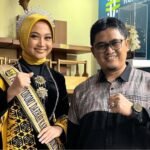 Tessa Yasmin Shopia sebagai Putri Otonomi Daerah Sukabumi 2025 bersama Kepala Dinas Pariwisata Kabupaten Sukabumi, Sendi Apriadi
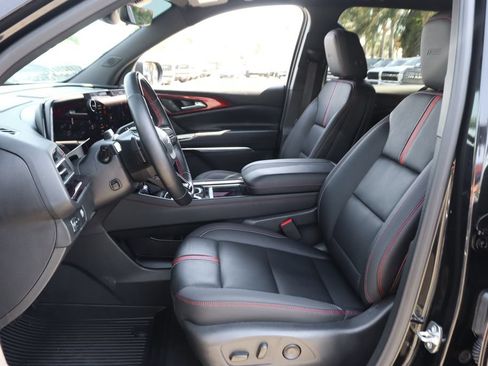 Used 2026 Chevrolet Traverse RS w/ LPO, Floor Liner Package FWD image 21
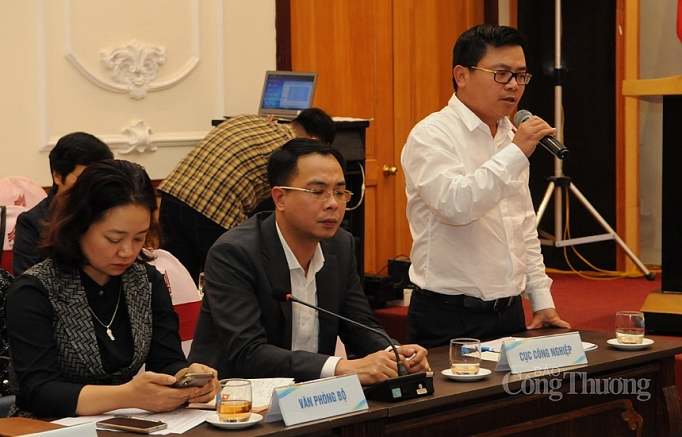 Khi Bộ trưởng đến với doanh nghiệp khi bo truong den voi doanh nghiep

######

- **WORK REQUIRED**: Transcribe all the lines above exactly; any image among them is skipped.

- **ANSWER SECTION**:
 Tessa Yasmin Shopia sebagai Putri Otonomi Daerah Sukabumi 2025 bersama Kepala Dinas Pariwisata Kabupaten Sukabumi, Sendi Apriadi
 Used 2026 Chevrolet Traverse RS w/ LPO, Floor Liner Package FWD image 21
 Khi Bộ trưởng đến với doanh nghiệp khi bo truong den voi doanh nghiep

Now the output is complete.